The adjusted unemployment rate remained at 6.1 percent, the lowest level since German reunification in 1990.

That compares with jobless rates of 10.1 percent in the euro zone and 11.4 percent in Italy, whose economy stagnated in the second quarter according to preliminary figures. Economic growth in the euro zone slowed to 0.3 percent in the second quarter.

ALL EYES ON ECB

Spurring growth and inflation have been daunting challenges for the European Central Bank, which is facing calls to further expand its extraordinary stimulus.

Its record-low interest rates and bond-buying programmes have benefited the German economy, economists say, as cheap money is encouraging traditionally frugal Germans to spend.

But the effects of its expansive monetary policy have failed to trickle down to the rest of the euro zone, mainly southern countries like Italy, Spain and Greece. The bank has also missed its near-2-percent inflation target for three years.

The euro zone's annual inflation rate was unchanged at 0.2 percent in August, coming in weaker than expected, data showed on Wednesday.

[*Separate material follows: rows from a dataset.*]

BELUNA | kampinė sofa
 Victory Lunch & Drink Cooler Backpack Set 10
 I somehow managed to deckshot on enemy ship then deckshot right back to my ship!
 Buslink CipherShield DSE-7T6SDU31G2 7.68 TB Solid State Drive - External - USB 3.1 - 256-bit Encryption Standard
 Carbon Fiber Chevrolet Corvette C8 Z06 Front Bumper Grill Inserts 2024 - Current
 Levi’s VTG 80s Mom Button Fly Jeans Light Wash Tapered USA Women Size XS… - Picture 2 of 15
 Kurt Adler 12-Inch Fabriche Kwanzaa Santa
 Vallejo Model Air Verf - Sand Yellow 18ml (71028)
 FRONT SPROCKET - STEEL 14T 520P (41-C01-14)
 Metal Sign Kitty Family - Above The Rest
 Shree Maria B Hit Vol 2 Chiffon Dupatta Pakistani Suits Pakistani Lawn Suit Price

German annual inflation slowed to 0.3 percent from 0.4 percent in July despite the economic upswing.

The euro zone's central bank is now facing growing calls to act again when it meets on Sept. 8 or soon afterwards although some economists believe the ECB has little firepower left.

"There is a strong case for the ECB to announce further policy easing," Stephen Brown of Capital Economics said. "This could come as soon as the Bank's meeting next week."

ING economist Bert Colijn said the fact that core euro zone inflation was now lower than it was a year ago will be "alarming" to ECB governing council members, but they were unlikely to take action.

French central bank chief Francois Villeroy de Galhau said on Wednesday that the ECB should stick to its current monetary policy when it holds its rate-setting meeting next week.

"Negative interest rates are useful but they are just one among many instruments and have their limits," Villeroy, who also sits on the ECB's rate-setting Governing Council, said.

"This is why we have to stick to the current monetary policy. And yes, we're doing so sustainably."